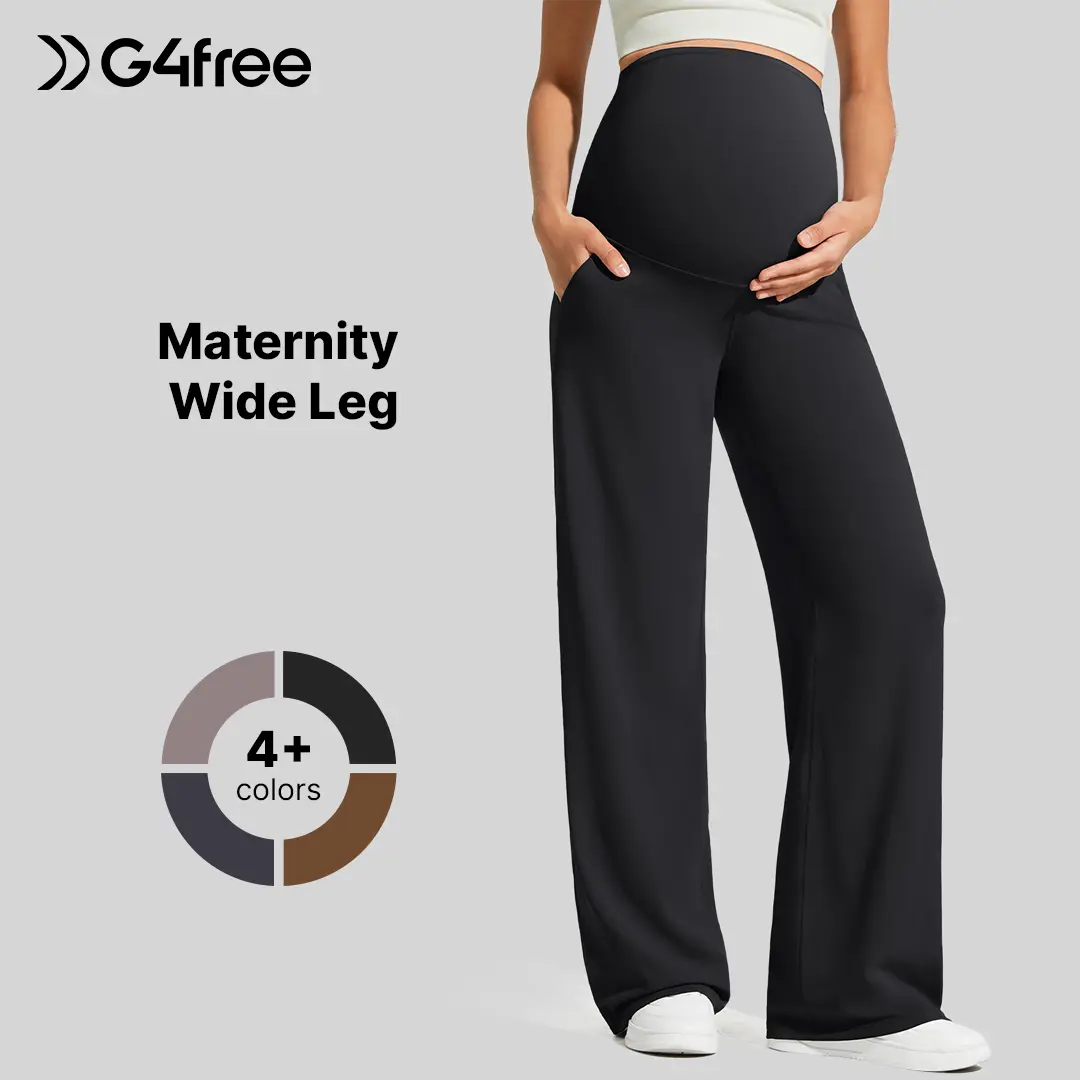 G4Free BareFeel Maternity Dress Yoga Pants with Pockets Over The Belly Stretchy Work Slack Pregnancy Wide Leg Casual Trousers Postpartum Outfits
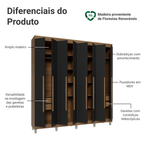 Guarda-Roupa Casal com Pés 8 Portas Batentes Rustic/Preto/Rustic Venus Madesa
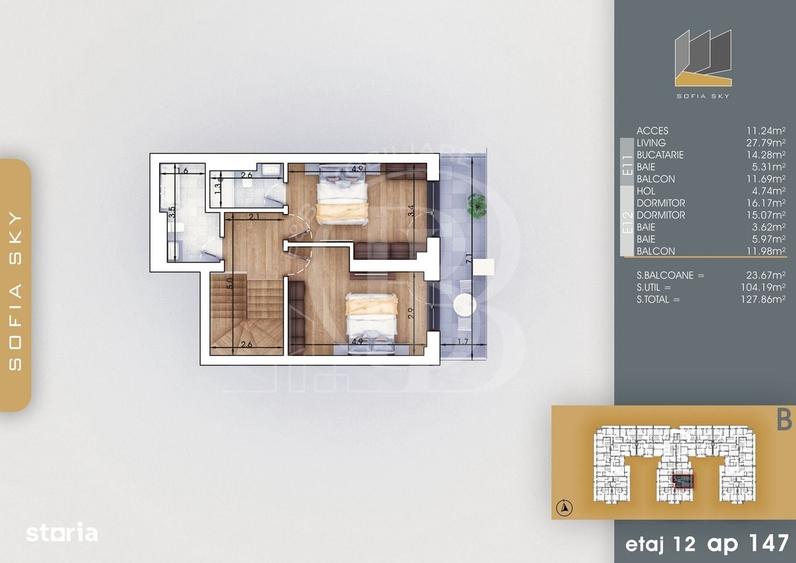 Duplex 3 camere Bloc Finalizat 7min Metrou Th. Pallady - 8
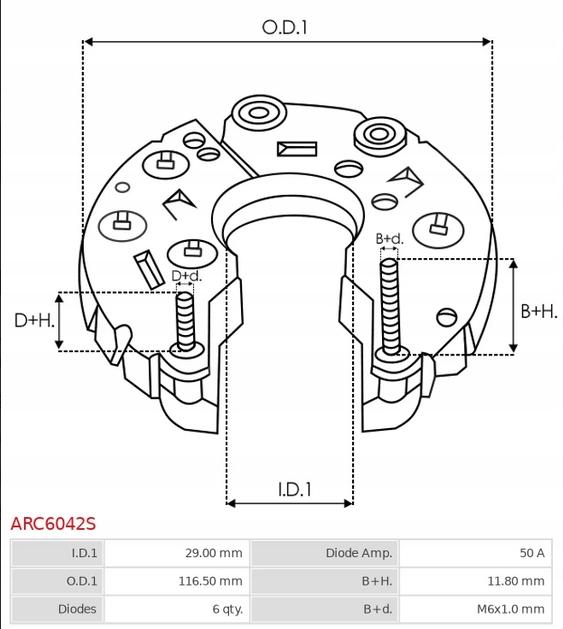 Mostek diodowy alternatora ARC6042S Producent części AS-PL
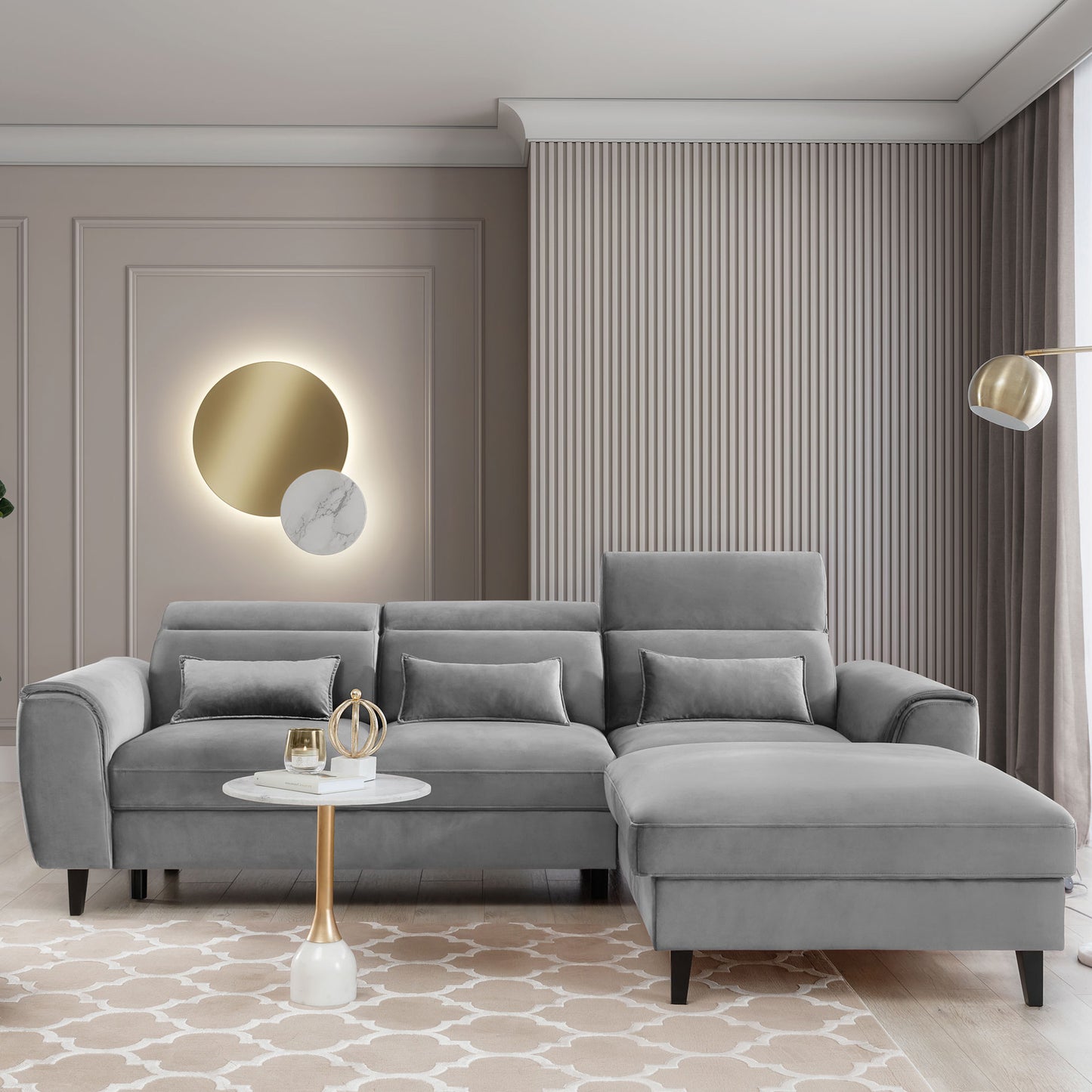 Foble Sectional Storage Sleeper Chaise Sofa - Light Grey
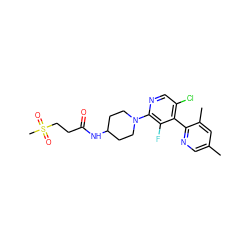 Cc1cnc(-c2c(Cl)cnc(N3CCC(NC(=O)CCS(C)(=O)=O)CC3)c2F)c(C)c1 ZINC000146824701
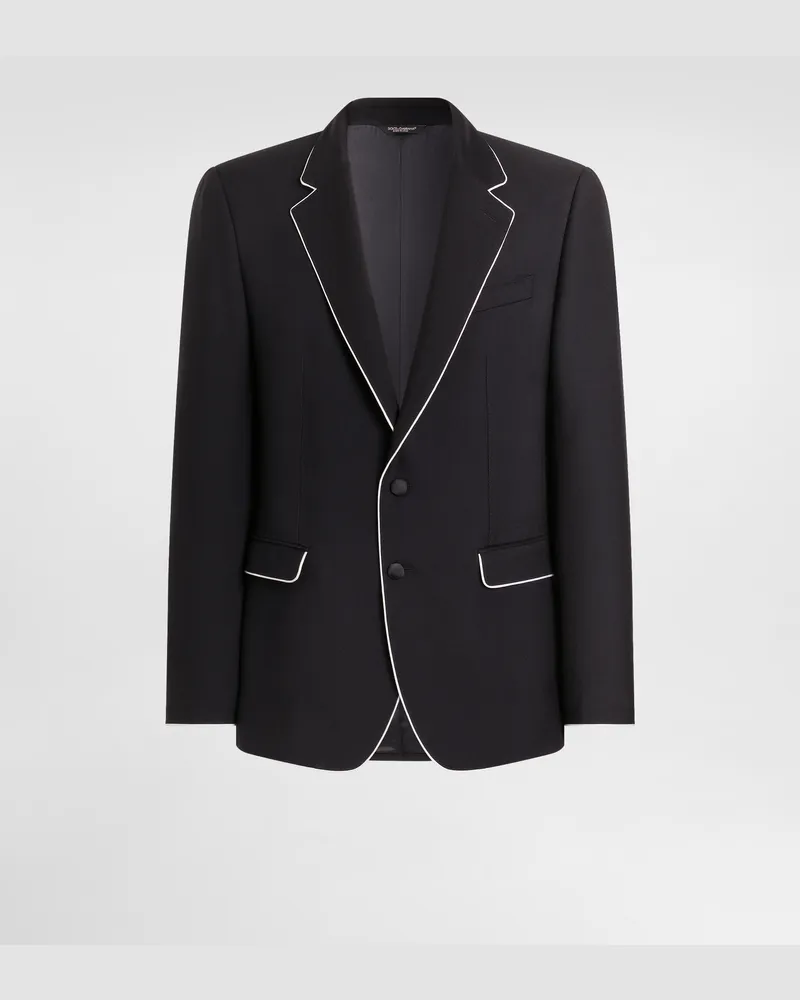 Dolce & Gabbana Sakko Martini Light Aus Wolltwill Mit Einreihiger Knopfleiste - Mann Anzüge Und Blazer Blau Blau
______
- _WHAT THE TASK ASKS_
Copy the records exactly, minus any pictures.

- _REPLY TO THE EXERCISE_
 G4Free BareFeel Maternity Dress Yoga Pants with Pockets Over The Belly Stretchy Work Slack Pregnancy Wide Leg Casual Trousers Postpartum Outfits
 Guarda-Roupa Casal com Pés 8 Portas Batentes Rustic/Preto/Rustic Venus Madesa
 Duplex 3 camere Bloc Finalizat 7min Metrou Th. Pallady - 8
 Mostek diodowy alternatora ARC6042S Producent części AS-PL
 Foble Sectional Storage Sleeper Chaise Sofa - Light Grey
 Cc1cnc(-c2c(Cl)cnc(N3CCC(NC(=O)CCS(C)(=O)=O)CC3)c2F)c(C)c1 ZINC000146824701
 Dolce & Gabbana Sakko Martini Light Aus Wolltwill Mit Einreihiger Knopfleiste - Mann Anzüge Und Blazer Blau Blau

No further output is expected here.